Dans cet univers un peu lointain du monde feutré des alexandrins il faut, pour capter l’attention des spectateurs de maintenant une parfaite diction, une fluidité naturelle et souple pour que les paroles nous saisissent. C’est le cas grâce à des comédiens habités par la langue de Racine qu’ils restituent magnifiquement. Le spectacle est dominé par la forte incarnation d’Alain Fromager, cruel et pitoyable Néron entre crainte de sa mère et la révélation de la puissance enivrante du mal, Anne Benoit, Agrippine harpie pathétique, qui se bat pour conserver son pouvoir sur la créature qui lui échappe, et Grégoire Oestermann, Narcisse fielleux et inquiétant. Et ce au risque de centrer la pièce sur les deux confrontations Néron-Agrippine, et Néron-Narcisse, et ainsi d’effacer la douce apparition de Junie incarnée lumineusement par Anne Suarez, qui est aussi la Phèdre du dernier spectacle de Martinelli, et celle bien plus pâle d’Alain Guyon dans Britannicus qui déséquilibre la pièce par sa faible présence. Jean-Marie Winling, (Burrhus), montre bien le désarroi de la sagesse face au mal triomphant et la scène circulaire qui le fait glisser sur la scène symbolise sa défaite.

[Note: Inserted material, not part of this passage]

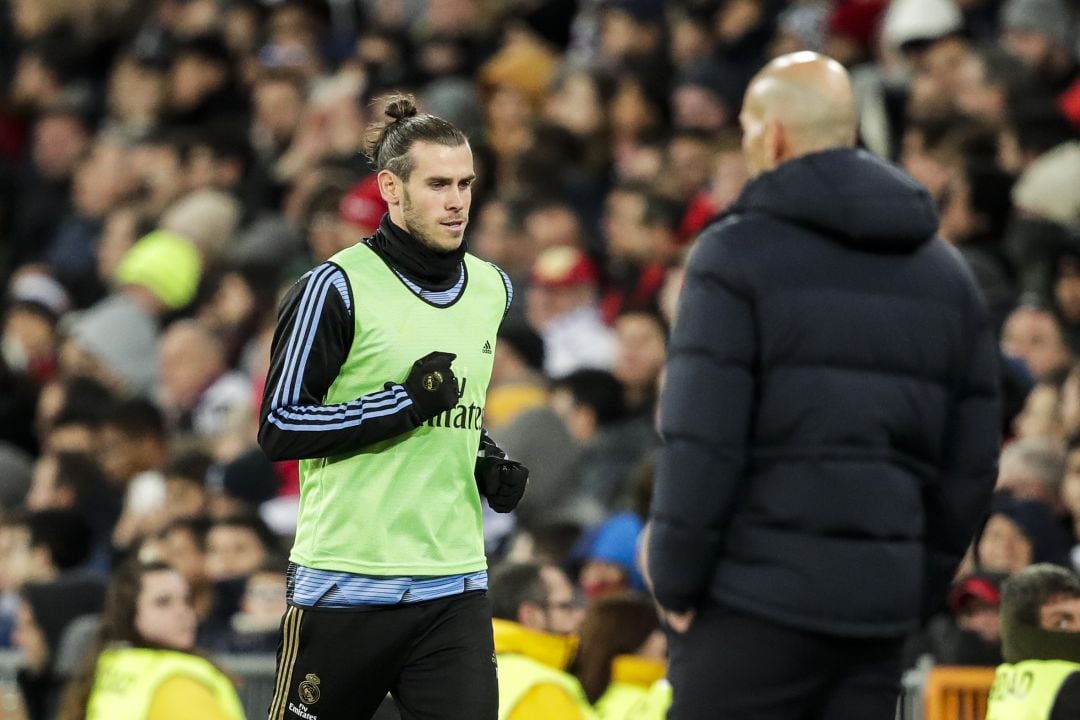 Gareth Bale calienta para salir en el partido entre el Real Madrid y la Real Sociedad.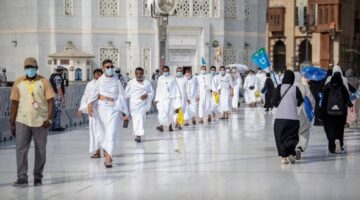 وزير الحج السعودي يؤكد للبعثة الإيرانية مغادرة أولى دفعات الحجاج بسلام.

Jean-Louis Martinelli réalise un spectacle solide et classique, limpide souvent, parfois austère malgré des tentatives comiques, spectacle souvent glacial et sans audace, et qui montre bien la naissance en un jour d’un tyran enfin libéré des barrières de sa mère et de la légitimité de son demi-frère. Il peut enfin voguer librement vers le mal et la jouissance.
La prise pouvoir de Néron l’emporte sur son désir amoureux malgré la cavalcade finale, Racine voulait aussi parler de passion. Jean-Louis Martinelli se concentre sur la fascination du mal, le sadisme naissant, le monstre qui naît sous nos yeux. Jean-Louis Martinelli sait rendre à la fois le côté infantile, féroce et diabolique de Néron, coupant les liens œdipiens avec sa mère possessive, bien aidé par quelques grands acteurs à la violence larvée.
Cela est oppressant et convaincant, même si le doux oiseau Junie en est broyé.
Et tout le texte de Racine est là, rendu en majesté, en pleine lumière dans cette production de deux heures vingt sans entracte.